Speaker C: Yeah, I think it's usually a mix of bad advice, like somebody will give them some cookie cutter or like fortune cookie advice rather of like I wish I had one year vesting, two year vesting instead of four year vesting or no cliff, like why would you do a cliff? But I think that like the more you keep that stuff vanilla and like that is truly not where you want to spend your time as a founder. Right? Like build your business, build the product, get customers. The legal stuff for 99.9% of founders is standard for a reason at this

Speaker A: point, to Yuri's point, there are plenty of resources for founders to set up the legal structures and compensation infrastructure for their early employees. And the clip you're going to hear next is somewhat of a cautionary tale from, from a founder that perhaps didn't outsource these tasks early enough. Isaiah Granite is the co founder and CEO of Bland and in this clip he shares some of the early mistakes he and his team made and his advice for founders who are trying to manage and prioritize. In the early days when you're building, trying to get investor interest and manage payroll while you don't have an HR team yet.

Speaker F: Something that is not talked about nearly enough is, is making sure that your employee equity grants are set up correctly. And this is something that you can't undo, especially if you're a really fast growth company. And one of the things that I recommend to every founder is take a couple of hours, sit down with a corporate lawyer, and make sure you have all of your ducks in a row. We had YC help us do a great job getting the starting point, but as you're growing, you don't think about options and strike prices and making sure that people are positioned for success. And ultimately, the frustrating thing is that if you're not thinking about this in the moment, you can accidentally cause your employees to miss out on benefits that you want them to get.

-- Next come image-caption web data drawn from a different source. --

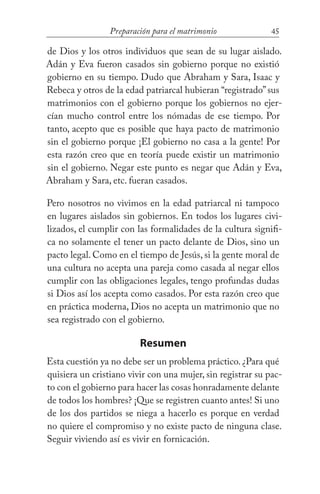45Preparación para el matrimonio
de Dios y los otros individuos que sean de su lugar aislado.
Adán y Eva fueron casados sin gobierno porque no existió
gobierno en su tiempo. Dudo que Abraham y Sara, Isaac y
Rebeca y otros de la edad patriarcal hubieran “registrado”sus
matrimonios con el gobierno porque los gobiernos no ejer-
cían mucho control entre los nómadas de ese tiempo. Por
tanto, acepto que es posible que haya pacto de matrimonio
sin el gobierno porque ¡El gobierno no casa a la gente! Por
esta razón creo que en teoría puede existir un matrimonio
sin el gobierno. Negar este punto es negar que Adán y Eva,
Abraham y Sara, etc. fueran casados.
Pero nosotros no vivimos en la edad patriarcal ni tampoco
en lugares aislados sin gobiernos. En todos los lugares civi-
lizados, el cumplir con las formalidades de la cultura signifi-
ca no solamente el tener un pacto delante de Dios, sino un
pacto legal. Como en el tiempo de Jesús, si la gente moral de
una cultura no acepta una pareja como casada al negar ellos
cumplir con las obligaciones legales, tengo profundas dudas
si Dios así los acepta como casados. Por esta razón creo que
en práctica moderna, Dios no acepta un matrimonio que no
sea registrado con el gobierno.
Resumen
Esta cuestión ya no debe ser un problema práctico. ¿Para qué
quisiera un cristiano vivir con una mujer, sin registrar su pac-
to con el gobierno para hacer las cosas honradamente delante
de todos los hombres? ¡Que se registren cuanto antes! Si uno
de los dos partidos se niega a hacerlo es porque en verdad
no quiere el compromiso y no existe pacto de ninguna clase.
Seguir viviendo así es vivir en fornicación.
 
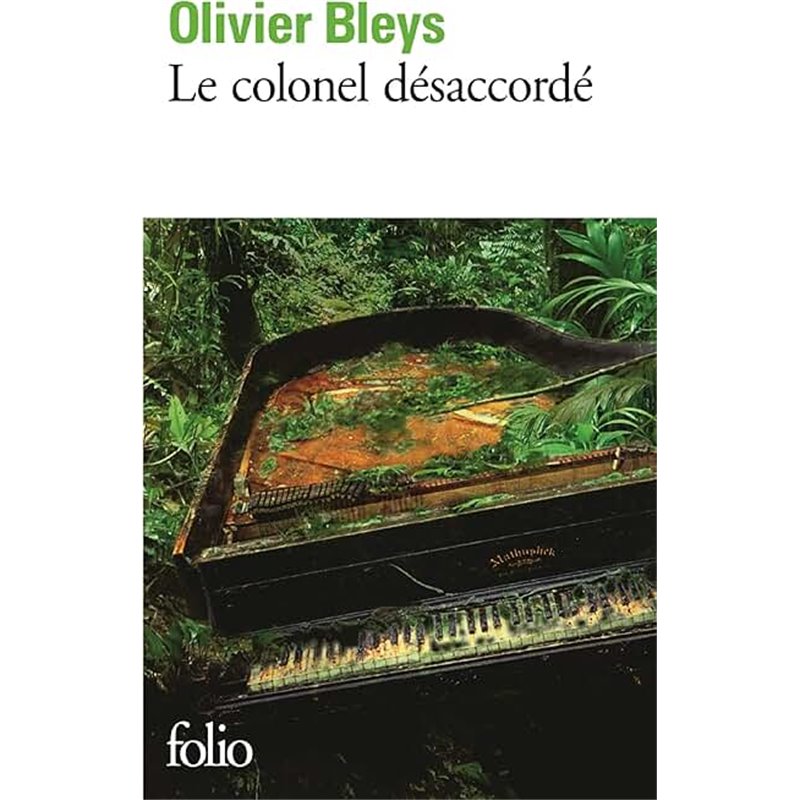 Colonel désaccordé Le Auteur(s): BLEYS Olivier Colonel désaccordé Le Auteur(s): BLEYS Olivier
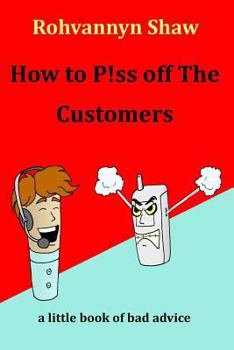 Paperback How To P!ss Off The Customers: a book of bad advice Book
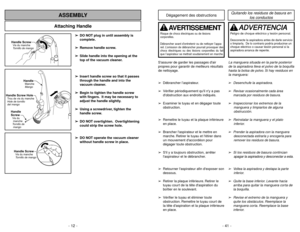 Page 12- 12 -
Attaching Handle
ASSEMBLY
Handle ScrewVis du manche
Tornillo de mango
Handle Screw HoleTrou de vis du manche
Hole de tornillo
del mangoHandle
ScrewVis du
manche
Tornillo de
mango
HandleMango Manche
Handle ScrewVis du manche
Tornillo de mango
➢ ➢
DO NOT plug in until assembly is
complete.
➢ ➢
Remove handle screw.
➢ ➢
Slide handle into the opening at the
top of the vacuum cleaner.
➢ ➢
Insert handle screw so that it passes
through the handle and into the
vacuum cleaner.
➢ ➢
Begin to tighten the...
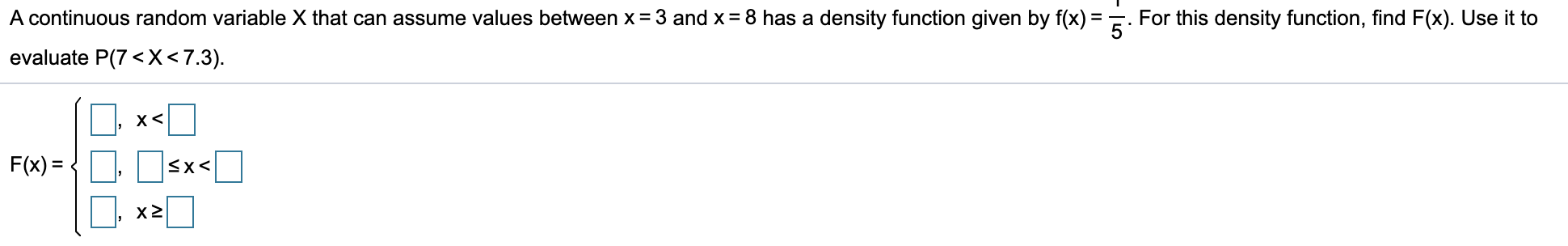 X that can assume values between x = 3 and x =
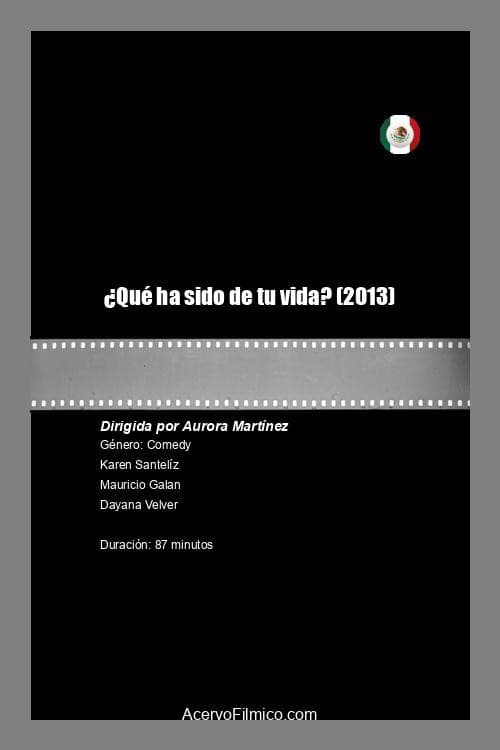 ¿Qué ha sido de tu vida? (2013) poster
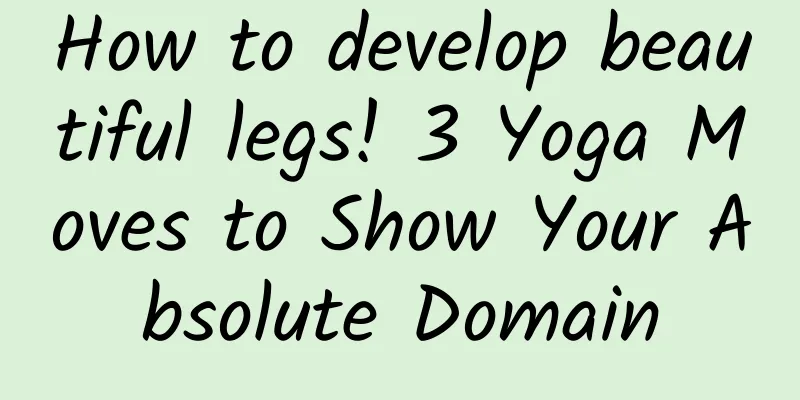 How to develop beautiful legs! 3 Yoga Moves to Show Your Absolute Domain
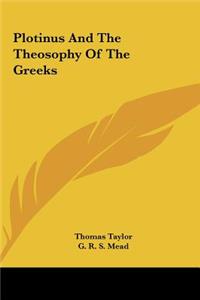 Plotinus And The Theosophy Of The Greeks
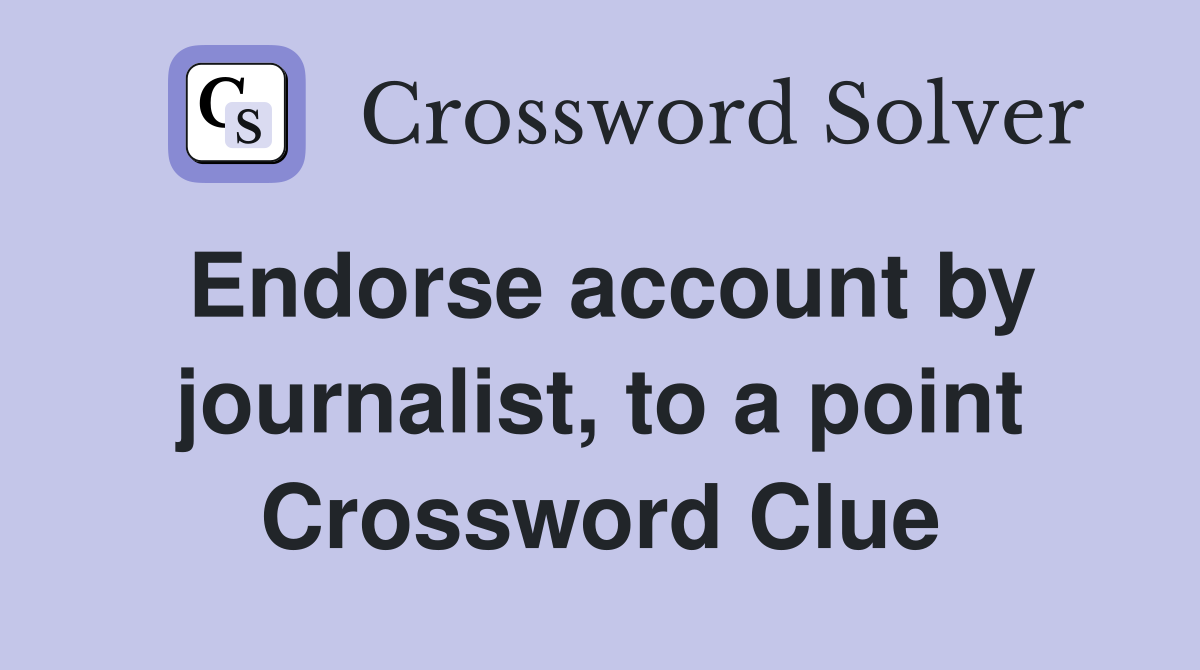Endorse account by journalist, to a point Crossword Clue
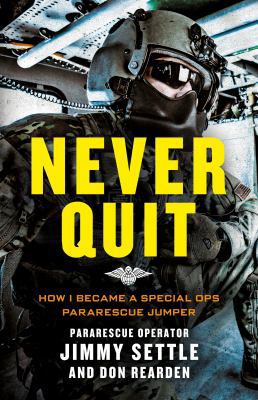 Never Quit (Young Adult Adaptation): How I Beca... 1250139619 Book Cover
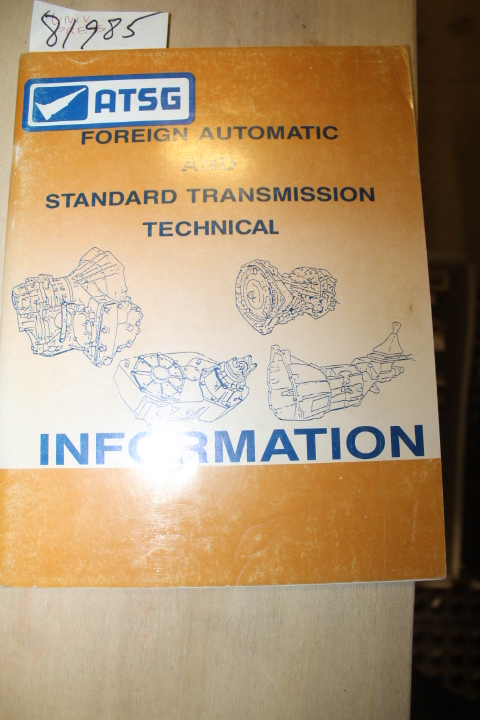 Automatic Transmission Service Group: Foreign Automatic and Standard Transmis...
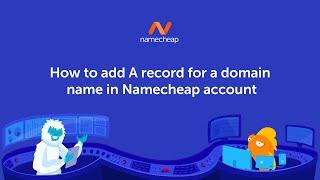 How to add an A record for a domain name in Namecheap account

Speaker B: Did you feel this pain from your employees or is it just you realizing it later on, or, uh, realizing later

Speaker F: on that there was a lot of stuff that we could have done to potentially make sure that on tax implications and some of the other things that they were taken care of in a better way. I think it's the job of, um, any founder to take care of his early employees. I mean all employees for sure, but especially the people that are making the highest risk, reward, sacrifice. You should be doing everything you can early days to make sure you're looking out for them financially, emotionally. It is really your job to take care of the whole person. And a big philosophy we have at Bland is we don't say we're a family, we're, um, a team. But it's my job to look at everybody as family.

Speaker E: And it's my job to say, how

Speaker F: can I take care of this person not just as an employee, but as a human being. And that extends to saying they have family, they have kids, they have other things they care about, and I should be enabling that and helping them enjoy that and not taking away.

Speaker B: I'm very glad to hear that. And I couldn't agree more. I'm curious though, how did you sort of retroactively compensate for that mistake?

Speaker F: That's hard fix lots of money? Uh, no, uh, really it was just a lot of hours with lawyers. It was going back, reviewing documents, making sure that they had access to the right resources and learning Myself too. And I think for a lot of early stage founders, your job is really not to think about these things. But there's a couple of moments where if you just pause, you ask a couple of the questions, sit down, you can make sure that you're setting people up. Things I don't advise doing, really complicated compensation plans, uh, anything that has to do with really in depth benefits or other pieces. You should make sure that you're covering the things that matter for your employees. But don't get bogged down in trying to build a perfect system. Your job is to make sure their basic needs are covered and that you're giving them great upside.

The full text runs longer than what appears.